Iowa Civil Rights Pioneer Willie Glanton Dies

Jul 7, 2017

A pioneering figure in Iowa politics has died.

Willie Stevenson Glanton
Credit Iowa Department of Human Rights

Willie Stevenson Glanton. was the first black woman elected to the Iowa Legislature. It was in 1964, at a time when the American civil rights movement was gaining momentum. Glanton was raised in Hot Springs, Ark. During a 2011 interview with Iowa Public Radio, she recalled the influence her politically active parents had on her life.

“I guess I just grew up with the idea politics is part of your life if you’re going to make it, especially if you’re black or there is some other thing people think is an impediment, you know,” she said.

Glanton was joined in the Iowa House in 1964 by another African-American, James Jackson of Waterloo.
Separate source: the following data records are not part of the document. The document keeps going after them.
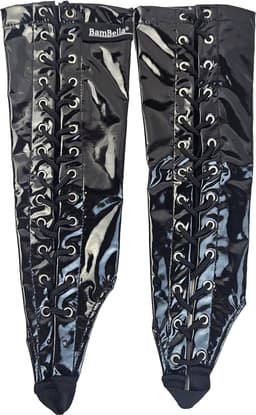 BamBella ® Handschoenen - Maat onesize - Datex (Mix latex en stof ) Sexy Zwart Glans lak vetersluiting — thumbnail 3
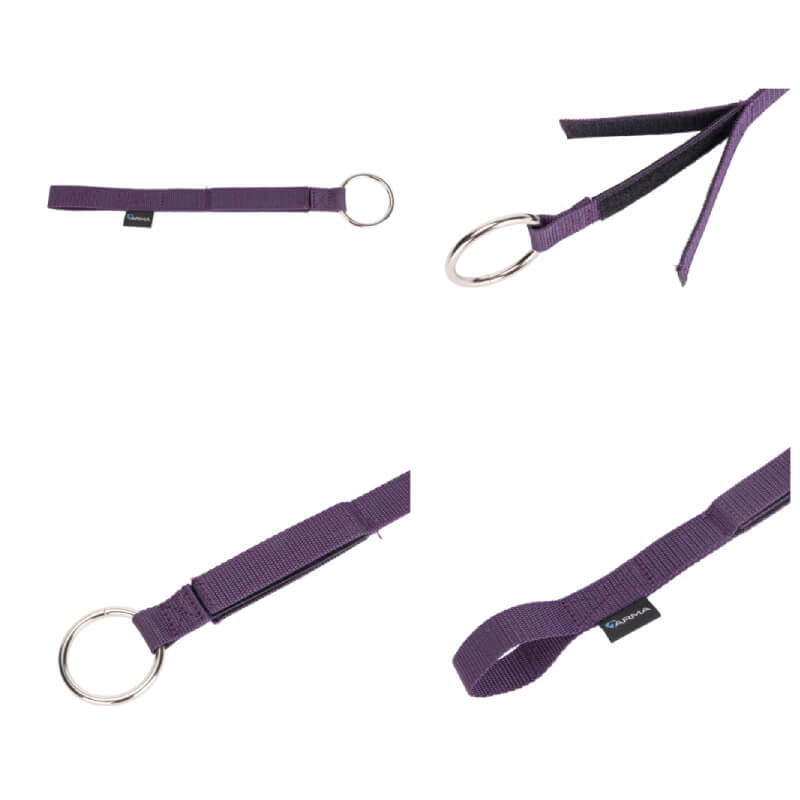 Shires Arma Breakaway Tie: purple fabric strap with metal ring, shown from four angles.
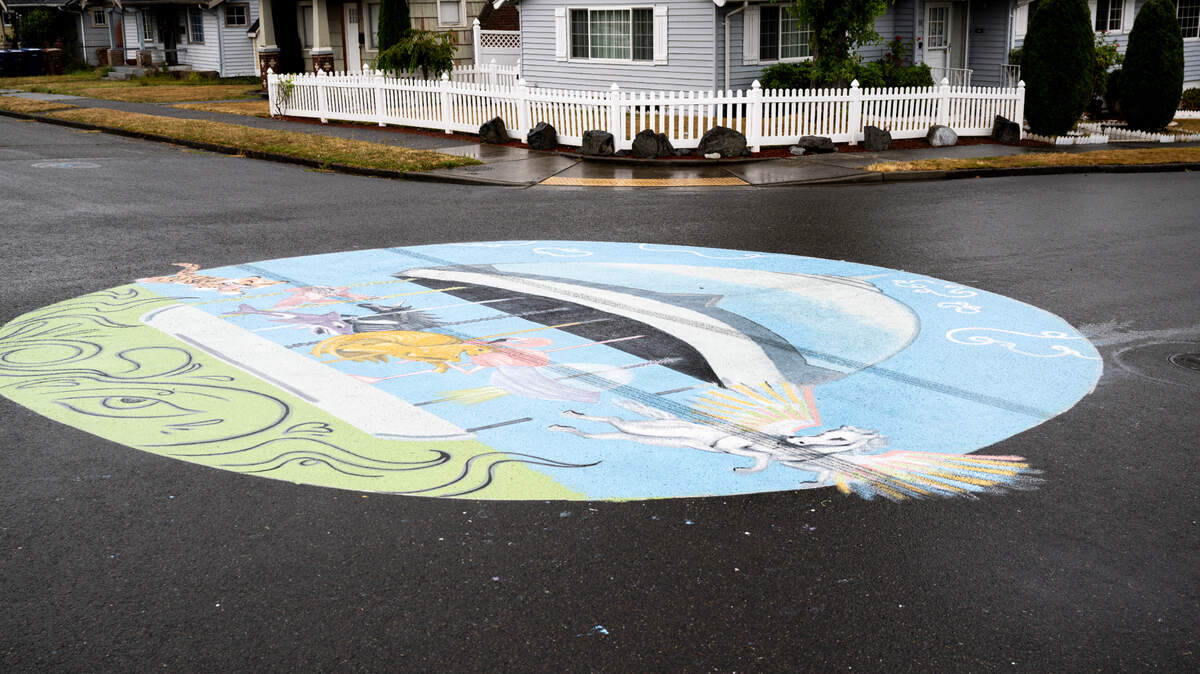 Tire tracks mark a mural in the intersection of South 50th Street and South D Street, on Tuesday, Aug. 20, 2024, in Tacoma, Wash.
She said it didn’t trouble her to be in such a small minority.

“You can’t worry about who’s not there," she said. "You worry about your getting there and how to get there and what it takes to get there.”          

Glanton served a single term in the Legislature. She went on to a number of other firsts – the first black attorney for the U.S. Small Business Administration, the first black assistant Polk County attorney, and the first black member of the Des Moines City Council. Her husband, Luther Glanton, was Iowa’s first black judge.

Willie Glanton died Thursday morning in Des Moines. She was 95 years old.